Build a RAG AI System in 5 Minutes with Cloudflare and Firecrawl

Retrieval Augmented Generation (RAG) systems are revolutionizing how we interact with AI by feeding it real-time, custom data. However, building a RAG system has traditionally been complex, requiring vector embeddings, vector databases, and sophisticated query processing. Today, I'll show you how to build a complete RAG system in under 5 minutes using Cloudflare's powerful tools and Firecrawl for data extraction.

What You'll Need for This RAG System Tutorial

Firecrawl: An open-source tool for scraping and cleaning website data
Cloudflare R2: S3-compatible object storage
Bun S3 client: For uploading data to R2
Cloudflare AutoRAG: For vectorizing and querying your data
MCP server: To connect your RAG system to Cursor or other AI tools

Step 1: Scraping Website Data with Firecrawl

First, we'll use Firecrawl to extract and clean website data.

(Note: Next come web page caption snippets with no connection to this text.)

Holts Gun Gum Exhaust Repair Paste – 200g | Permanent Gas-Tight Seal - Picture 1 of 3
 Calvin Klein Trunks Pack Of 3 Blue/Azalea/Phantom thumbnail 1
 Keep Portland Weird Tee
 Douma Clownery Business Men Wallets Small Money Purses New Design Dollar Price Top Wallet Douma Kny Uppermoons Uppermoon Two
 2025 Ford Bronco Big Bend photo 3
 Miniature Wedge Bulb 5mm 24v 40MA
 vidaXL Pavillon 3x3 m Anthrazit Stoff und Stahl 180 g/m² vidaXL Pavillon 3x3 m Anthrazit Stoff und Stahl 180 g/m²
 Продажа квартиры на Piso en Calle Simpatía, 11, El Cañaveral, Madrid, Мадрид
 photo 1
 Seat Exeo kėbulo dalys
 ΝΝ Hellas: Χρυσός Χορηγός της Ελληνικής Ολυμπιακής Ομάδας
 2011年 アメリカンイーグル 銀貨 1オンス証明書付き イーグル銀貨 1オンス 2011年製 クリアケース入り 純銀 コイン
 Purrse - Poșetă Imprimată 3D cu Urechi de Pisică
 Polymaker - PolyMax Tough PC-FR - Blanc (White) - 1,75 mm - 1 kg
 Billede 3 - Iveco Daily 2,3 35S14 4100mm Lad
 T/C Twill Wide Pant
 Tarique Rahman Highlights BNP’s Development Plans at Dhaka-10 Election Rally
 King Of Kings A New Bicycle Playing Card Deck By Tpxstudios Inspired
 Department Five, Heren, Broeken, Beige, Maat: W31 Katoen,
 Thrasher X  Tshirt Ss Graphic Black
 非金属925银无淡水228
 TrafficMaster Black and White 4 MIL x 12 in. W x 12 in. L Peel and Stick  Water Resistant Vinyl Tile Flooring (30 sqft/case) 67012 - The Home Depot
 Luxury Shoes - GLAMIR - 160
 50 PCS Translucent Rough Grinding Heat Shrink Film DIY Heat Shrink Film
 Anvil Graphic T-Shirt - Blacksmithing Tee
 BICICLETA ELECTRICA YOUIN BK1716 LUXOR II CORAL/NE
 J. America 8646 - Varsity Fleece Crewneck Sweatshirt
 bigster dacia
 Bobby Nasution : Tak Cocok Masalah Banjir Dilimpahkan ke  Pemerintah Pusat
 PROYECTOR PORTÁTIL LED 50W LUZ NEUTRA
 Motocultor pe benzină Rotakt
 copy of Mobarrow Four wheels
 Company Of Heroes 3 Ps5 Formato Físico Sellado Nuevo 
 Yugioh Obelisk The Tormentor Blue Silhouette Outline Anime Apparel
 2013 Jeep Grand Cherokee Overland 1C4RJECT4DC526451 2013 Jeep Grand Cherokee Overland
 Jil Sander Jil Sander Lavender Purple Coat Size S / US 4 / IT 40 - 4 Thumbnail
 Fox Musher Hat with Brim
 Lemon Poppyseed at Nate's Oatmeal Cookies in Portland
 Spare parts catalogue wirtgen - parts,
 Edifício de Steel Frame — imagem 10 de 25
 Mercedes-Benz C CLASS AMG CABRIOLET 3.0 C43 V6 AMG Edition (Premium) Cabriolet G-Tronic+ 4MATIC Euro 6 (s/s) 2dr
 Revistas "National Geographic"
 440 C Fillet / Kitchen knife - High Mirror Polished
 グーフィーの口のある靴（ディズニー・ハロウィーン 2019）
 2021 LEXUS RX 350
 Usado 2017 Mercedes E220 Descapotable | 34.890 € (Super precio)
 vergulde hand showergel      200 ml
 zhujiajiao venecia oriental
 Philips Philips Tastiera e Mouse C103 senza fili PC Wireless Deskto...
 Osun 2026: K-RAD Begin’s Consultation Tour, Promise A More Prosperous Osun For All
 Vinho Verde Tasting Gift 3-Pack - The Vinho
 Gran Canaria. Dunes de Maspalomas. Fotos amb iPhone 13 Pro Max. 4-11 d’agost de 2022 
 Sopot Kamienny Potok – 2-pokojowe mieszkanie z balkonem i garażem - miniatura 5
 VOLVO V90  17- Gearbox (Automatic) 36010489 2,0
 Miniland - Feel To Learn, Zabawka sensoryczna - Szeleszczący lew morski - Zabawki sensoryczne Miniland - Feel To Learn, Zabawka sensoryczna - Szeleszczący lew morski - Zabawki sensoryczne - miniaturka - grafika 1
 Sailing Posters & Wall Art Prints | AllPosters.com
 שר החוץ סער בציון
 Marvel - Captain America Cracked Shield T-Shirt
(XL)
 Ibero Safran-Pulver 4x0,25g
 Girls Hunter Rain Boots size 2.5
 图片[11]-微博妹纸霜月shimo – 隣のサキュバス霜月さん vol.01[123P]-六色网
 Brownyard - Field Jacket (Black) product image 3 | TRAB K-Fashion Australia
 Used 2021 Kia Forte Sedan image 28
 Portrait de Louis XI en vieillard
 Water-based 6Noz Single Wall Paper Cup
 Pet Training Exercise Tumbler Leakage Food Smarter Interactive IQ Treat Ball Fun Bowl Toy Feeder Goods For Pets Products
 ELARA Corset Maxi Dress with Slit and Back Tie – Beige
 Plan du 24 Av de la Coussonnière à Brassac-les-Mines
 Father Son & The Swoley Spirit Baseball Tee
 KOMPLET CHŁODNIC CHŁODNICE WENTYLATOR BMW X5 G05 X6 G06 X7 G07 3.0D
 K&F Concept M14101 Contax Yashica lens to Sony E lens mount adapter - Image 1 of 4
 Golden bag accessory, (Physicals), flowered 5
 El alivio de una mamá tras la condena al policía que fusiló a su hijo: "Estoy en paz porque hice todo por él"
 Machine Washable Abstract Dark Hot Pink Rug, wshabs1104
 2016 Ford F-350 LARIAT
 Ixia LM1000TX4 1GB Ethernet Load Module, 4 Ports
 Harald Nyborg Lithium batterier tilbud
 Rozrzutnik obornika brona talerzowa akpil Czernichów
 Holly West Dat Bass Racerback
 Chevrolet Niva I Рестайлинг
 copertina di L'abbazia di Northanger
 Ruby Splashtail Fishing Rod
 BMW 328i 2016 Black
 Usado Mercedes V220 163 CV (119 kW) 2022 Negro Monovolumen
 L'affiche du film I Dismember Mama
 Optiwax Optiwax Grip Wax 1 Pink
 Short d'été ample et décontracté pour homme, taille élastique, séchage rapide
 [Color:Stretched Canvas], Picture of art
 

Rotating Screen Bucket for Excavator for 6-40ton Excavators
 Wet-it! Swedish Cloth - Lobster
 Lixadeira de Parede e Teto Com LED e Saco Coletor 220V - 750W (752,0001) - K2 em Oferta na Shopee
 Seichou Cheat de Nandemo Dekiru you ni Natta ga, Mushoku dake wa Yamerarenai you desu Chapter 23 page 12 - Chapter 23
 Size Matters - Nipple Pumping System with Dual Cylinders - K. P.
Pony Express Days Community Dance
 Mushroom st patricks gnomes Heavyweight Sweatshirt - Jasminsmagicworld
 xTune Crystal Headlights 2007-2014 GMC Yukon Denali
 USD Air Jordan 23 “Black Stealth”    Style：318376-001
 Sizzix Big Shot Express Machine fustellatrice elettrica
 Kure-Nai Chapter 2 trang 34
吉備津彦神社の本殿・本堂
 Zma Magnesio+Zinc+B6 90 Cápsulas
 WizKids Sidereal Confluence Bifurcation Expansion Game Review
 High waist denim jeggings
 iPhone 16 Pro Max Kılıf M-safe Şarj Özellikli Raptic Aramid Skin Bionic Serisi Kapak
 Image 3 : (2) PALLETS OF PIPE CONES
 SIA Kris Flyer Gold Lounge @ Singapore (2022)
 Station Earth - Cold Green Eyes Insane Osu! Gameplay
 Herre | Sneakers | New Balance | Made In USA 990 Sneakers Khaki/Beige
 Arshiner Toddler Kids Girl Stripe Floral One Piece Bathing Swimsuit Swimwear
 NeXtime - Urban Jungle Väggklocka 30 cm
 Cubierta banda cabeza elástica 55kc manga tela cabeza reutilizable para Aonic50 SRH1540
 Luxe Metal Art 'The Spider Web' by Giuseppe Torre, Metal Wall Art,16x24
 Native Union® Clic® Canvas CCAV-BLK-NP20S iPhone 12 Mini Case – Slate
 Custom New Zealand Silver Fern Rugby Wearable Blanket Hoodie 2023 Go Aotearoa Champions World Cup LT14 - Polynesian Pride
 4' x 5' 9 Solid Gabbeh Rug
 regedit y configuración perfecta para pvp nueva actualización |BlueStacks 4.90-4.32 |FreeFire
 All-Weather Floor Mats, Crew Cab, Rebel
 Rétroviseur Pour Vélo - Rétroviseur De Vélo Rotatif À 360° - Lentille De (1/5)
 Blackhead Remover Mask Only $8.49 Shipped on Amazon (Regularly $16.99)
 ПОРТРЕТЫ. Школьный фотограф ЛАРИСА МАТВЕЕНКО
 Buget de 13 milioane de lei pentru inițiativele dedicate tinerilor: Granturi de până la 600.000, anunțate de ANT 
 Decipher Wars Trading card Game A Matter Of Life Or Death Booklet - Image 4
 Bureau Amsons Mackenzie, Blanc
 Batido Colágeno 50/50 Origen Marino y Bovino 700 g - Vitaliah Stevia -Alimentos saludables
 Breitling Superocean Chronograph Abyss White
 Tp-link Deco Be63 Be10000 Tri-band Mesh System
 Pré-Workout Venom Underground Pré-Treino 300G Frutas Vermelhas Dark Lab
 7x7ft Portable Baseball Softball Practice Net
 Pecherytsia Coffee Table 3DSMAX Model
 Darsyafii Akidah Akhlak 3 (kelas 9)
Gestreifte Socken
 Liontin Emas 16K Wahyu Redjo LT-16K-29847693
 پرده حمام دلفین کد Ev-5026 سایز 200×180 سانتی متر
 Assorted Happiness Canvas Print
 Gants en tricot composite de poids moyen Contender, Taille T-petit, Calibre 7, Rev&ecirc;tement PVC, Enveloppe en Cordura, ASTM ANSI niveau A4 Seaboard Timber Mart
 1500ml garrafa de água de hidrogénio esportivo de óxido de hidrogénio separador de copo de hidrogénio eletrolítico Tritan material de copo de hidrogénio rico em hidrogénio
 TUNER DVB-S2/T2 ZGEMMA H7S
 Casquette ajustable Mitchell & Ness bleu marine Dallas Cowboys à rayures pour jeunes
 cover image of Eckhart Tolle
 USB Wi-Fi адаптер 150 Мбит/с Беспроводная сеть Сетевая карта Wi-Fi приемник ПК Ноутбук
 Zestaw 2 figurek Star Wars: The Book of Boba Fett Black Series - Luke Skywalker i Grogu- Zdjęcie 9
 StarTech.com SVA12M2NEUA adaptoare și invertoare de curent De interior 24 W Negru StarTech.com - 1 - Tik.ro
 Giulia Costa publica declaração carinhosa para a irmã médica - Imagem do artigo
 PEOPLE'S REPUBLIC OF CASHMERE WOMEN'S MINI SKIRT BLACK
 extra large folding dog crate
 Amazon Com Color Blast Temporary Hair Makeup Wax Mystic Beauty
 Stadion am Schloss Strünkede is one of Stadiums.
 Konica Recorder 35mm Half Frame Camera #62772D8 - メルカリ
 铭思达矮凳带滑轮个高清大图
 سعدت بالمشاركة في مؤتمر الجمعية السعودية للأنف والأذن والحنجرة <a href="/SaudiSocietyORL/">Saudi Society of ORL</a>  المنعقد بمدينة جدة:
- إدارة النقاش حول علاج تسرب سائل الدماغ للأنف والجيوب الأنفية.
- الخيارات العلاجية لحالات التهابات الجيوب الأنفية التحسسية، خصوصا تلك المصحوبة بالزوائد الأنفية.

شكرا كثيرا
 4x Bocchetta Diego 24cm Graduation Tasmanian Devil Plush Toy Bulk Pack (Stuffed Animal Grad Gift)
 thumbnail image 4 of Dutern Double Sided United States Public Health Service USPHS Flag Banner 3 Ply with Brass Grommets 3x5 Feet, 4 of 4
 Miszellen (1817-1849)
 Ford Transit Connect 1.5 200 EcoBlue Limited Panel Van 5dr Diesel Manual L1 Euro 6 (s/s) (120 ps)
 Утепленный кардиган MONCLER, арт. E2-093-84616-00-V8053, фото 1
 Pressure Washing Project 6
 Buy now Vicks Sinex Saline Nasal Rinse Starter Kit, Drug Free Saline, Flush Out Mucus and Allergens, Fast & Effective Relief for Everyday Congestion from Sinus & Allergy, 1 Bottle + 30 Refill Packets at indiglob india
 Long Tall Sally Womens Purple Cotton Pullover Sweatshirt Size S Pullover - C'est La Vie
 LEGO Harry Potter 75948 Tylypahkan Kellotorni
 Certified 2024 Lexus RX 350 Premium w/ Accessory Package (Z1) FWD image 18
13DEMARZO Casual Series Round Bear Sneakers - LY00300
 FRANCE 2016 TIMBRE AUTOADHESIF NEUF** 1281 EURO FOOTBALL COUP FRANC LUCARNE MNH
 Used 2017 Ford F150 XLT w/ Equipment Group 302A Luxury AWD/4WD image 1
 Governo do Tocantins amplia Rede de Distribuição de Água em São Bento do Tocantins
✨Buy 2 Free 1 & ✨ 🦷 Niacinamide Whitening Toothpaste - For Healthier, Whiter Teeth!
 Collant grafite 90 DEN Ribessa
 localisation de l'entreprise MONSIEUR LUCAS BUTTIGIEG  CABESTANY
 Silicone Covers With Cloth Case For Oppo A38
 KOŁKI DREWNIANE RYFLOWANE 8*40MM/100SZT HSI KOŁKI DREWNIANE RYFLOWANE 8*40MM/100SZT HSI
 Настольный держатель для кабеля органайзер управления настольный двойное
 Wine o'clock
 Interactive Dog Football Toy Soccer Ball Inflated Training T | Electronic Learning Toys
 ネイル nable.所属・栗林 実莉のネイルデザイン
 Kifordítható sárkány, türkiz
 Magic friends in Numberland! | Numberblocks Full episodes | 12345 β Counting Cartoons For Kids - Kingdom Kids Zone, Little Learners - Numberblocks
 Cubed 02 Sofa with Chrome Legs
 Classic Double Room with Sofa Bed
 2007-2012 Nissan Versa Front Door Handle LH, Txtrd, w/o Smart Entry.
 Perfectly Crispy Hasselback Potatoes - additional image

Firecrawl is perfect for RAG systems as it converts messy HTML into clean markdown format that's ideal for AI processing.

Documentation page that will be scraped and processed by our RAG system, showing a lightweight data fetching library's introduction and installation instructions

To get started with Firecrawl, install it via npm and create a simple script to crawl your target website:

JAVASCRIPT

import { crawlUrl } from 'firecrawl';

const url = 'https://yourdocumentation.com';

const result = await crawlUrl(url, {
  maxPages: 15,
  exportFormat: 'markdown'
});

console.log(result);

This code will crawl up to 15 pages from your target website and convert them to markdown format. The result includes not just the content but also valuable metadata like page title, description, and language information.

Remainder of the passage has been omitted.